Bien que le vote puisse changer après les horreurs de vendredi, les analystes s’attendaient auparavant à ce que le taux de participation aux élections de la Chambre haute de dimanche soit à un niveau record d’environ 40%. Il n’y avait pas d’obstacles apparents pour le parti libéral-démocrate, qui a détenu le pouvoir pendant presque cinq ans au cours des 67 dernières années. Le grand danger, cependant, réside dans la confusion des admirables garants civiques de Pax Japonica avec cette apathie et concluant que ce dernier est aussi vital que le premier.

Mais ceci, curieusement, est le sens d’une analyse faite quelques jours avant la mort d’Abe, et de la bouche d’un autre ancien Premier ministre et géant politique. Lors d’une conférence, Taro Aso, un sang bleu de droite qui a été ministre des Finances pendant le mandat de huit ans d’Abe, a déclaré à son auditoire : « Un pays où l’on peut vivre sans s’intéresser à la politique est un bon pays. C’est bien pire d’être dans un pays où on ne peut pas vivre sans le faire.

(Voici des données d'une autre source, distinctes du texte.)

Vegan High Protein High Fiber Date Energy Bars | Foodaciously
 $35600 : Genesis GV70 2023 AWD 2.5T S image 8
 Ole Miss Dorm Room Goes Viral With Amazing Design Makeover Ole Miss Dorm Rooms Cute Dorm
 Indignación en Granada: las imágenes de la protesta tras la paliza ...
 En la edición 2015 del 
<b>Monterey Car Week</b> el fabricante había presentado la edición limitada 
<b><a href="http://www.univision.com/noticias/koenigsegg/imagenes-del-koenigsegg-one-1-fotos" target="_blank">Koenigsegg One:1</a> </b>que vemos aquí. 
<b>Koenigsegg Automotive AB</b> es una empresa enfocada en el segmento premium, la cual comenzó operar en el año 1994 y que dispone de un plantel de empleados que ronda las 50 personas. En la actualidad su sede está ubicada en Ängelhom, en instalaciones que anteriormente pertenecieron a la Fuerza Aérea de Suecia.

Aso est un homme avec une longue histoire de commentaires souvent qualifiés à tort de gaffes mais qui sont en fait des rendus clairs de ses processus de pensée. Hitler était mauvais, a-t-il dit un jour, mais sa motivation était bonne. Les personnes âgées devraient être autorisées à se dépêcher et à mourir. Le gros problème du Japon, ce sont les femmes qui décident de ne pas avoir d’enfants. Tous solidement répréhensibles.

Avec sa ligne d’apathie politique, cependant, il y avait le sentiment désagréable que, en cette seule occasion, il pourrait avoir raison. Parlé au cours d’une semaine où la politique britannique a imposé une humiliation épuisante à la circulation sanguine nationale, les louanges de la politique à faible impulsion du Japon semblaient presque sages. Presque.

À bien des égards, la ligne d’apathie d’Aso est la plus pernicieuse qu’il ait jamais connue : maintenant peut-être encore plus alors que la nation recule devant la tragédie d’un dirigeant assassiné et redouble d’appréciation que les jours d’agitation politique et de violence sont révolus. Personne, pour un instant, ne souhaiterait un retour à cette époque, mais il est périlleux de décider que la stabilité est assurée par un faible intérêt public permanent pour la politique.

Malgré toute la timidité de nombre de ses réformes, le beau Japon d’Abe était un idéal construit sur une horreur de la stagnation et, pour le meilleur ou pour le pire, une conviction sincère que l’ensemble de l’électorat devait être amené, avec passion, derrière une nation- définissant la réforme de la constitution. Ses successeurs ne doivent jamais espérer un désengagement public.